# Bobbin Head Sat 17/3 6pm



## Peril (Sep 5, 2005)

High tide around 8:30pm. Aim is to explore some of the weedy flats close to Bobbin Head and try out a few poppers and shallow surface lures. There is a deep hole close by if you want to punt on a jew. Probably stay out till about 10


----------



## justcrusin (Oct 1, 2006)

Would love to get out there for a jew Dave, but SWMBO has me booked up for Sat arvo/ night.  I'll get out Sun morning but  Thinking of hitting tuggerah lakes with flyrod but were yet to confirm venue.

Cheers Dave


----------



## DiveYak (Feb 5, 2007)

Peril, looks like I'll be solo Sunday so if the weather is OK thought I would head up to Pittwater. Have never fished there before though - any advice on where, when, how and what?

Is there anything around Lion Island?


----------



## Peril (Sep 5, 2005)

Mark,

I'm no expert on Lion Island. Certainly lots of pelagics in the bay, just like the harbour. There are also jew holes around the island but don't know where.

In Pittwater, I've not done very well todate.
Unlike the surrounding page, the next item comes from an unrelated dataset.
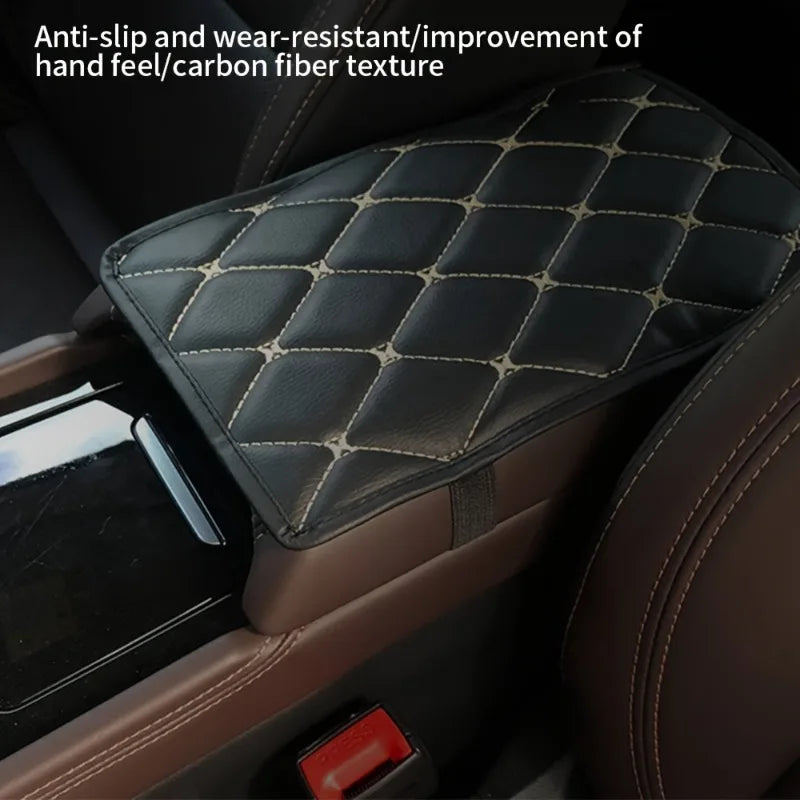 PU Leather Car Armrest Cover Cushion Pad with Storage Box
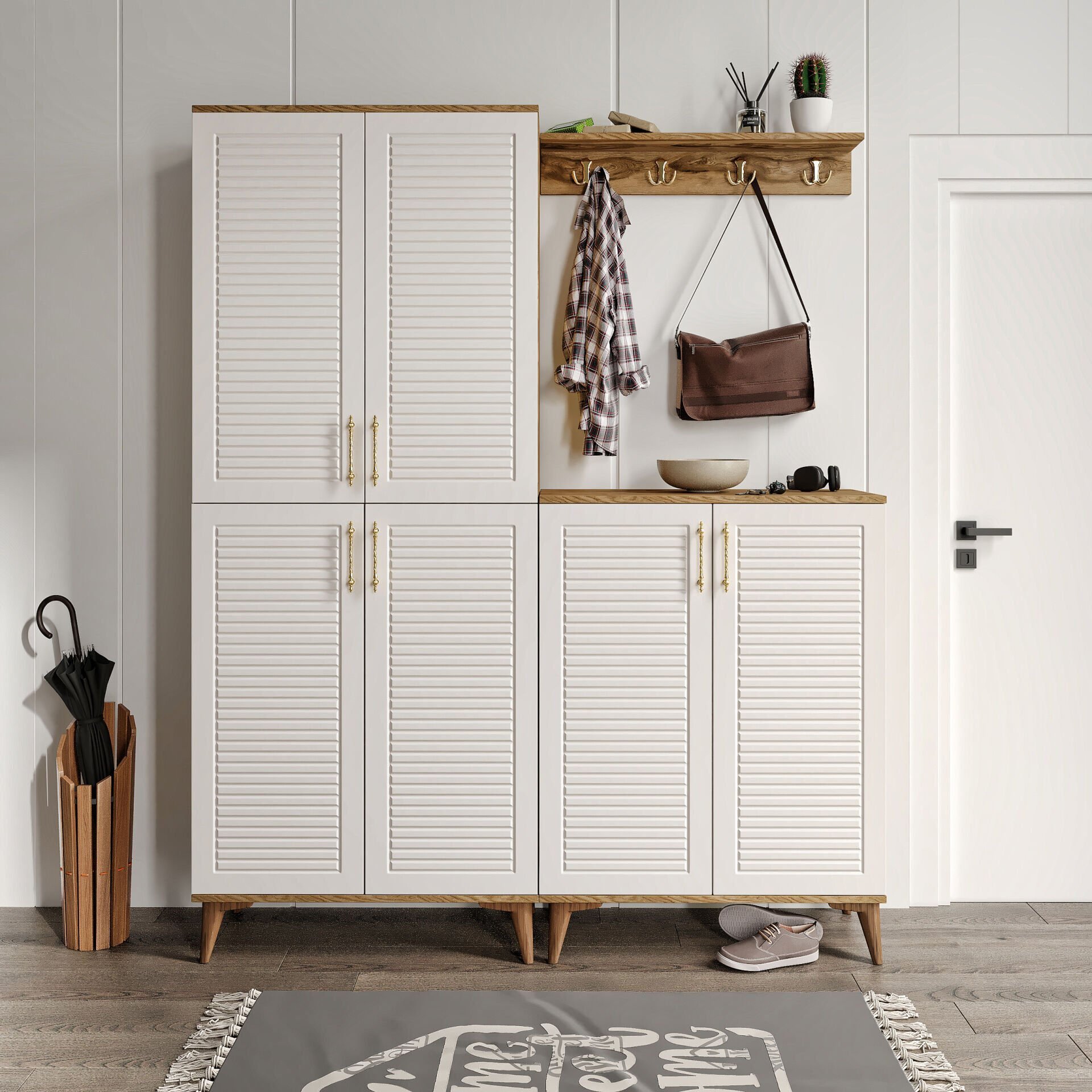 Panjurlu Metal Kulp portmanto vestiyer ekru ceviz — modern antre mobilyası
You might consider:

* there are bream to be had among moorings (low tide) and along shorelines (high tide). Outer line of moorings on the southern side of Careel Bay near the low is good as the bream come off the flats

*squid to be had over weedbeds (Palm Beach, Mackerel Beach, Currawong, Coasters Retreat and Scotland Island)

* kings to be had around wrecks (can't help here, but trolling along either shore isn't a bad bet)

* try gulp sandworms or poppers in the shallows along the windward shore for bream and whiting

* drifting across the mouth of Careel Bay on an outgoing tide for flathead. Ditto across the mouth of Pittwater

* flats at the end of Careel Bay have small bream and flathead, and longtom

Loads of other spots as well - McCarrs Ck, Lovett Bay, Towlers Bay ...


----------



## DiveYak (Feb 5, 2007)

Thanks for that...huge help. ....now I had better come back with something!!!


----------



## Clarkos (Oct 11, 2006)

Hi Dave,

Can't make this one unfortunately. Cricket Sat & Sun arvos. Bloody finals :lol:

Don't forget they lock the gates to the ramp we used last time around 8pm.


----------



## Clarkos (Oct 11, 2006)

Dave, just a thought. There are a set of steps going down to the water just before the marina. Do you reckon you could launch from there? A few oyster shells about though....


----------



## justcrusin (Oct 1, 2006)

Gday DiveYak,

Not much off the pitwater side of lion island but if you get on the NW side in between the island and pearl beach it is a good jew spot. Off course pealagics around everywere. Bycatch around there a lot of shovel nose sharks and the odd hammerhead. Look for the deep holes. Different types of reef fish, leather jackets around structure (basically the rocks).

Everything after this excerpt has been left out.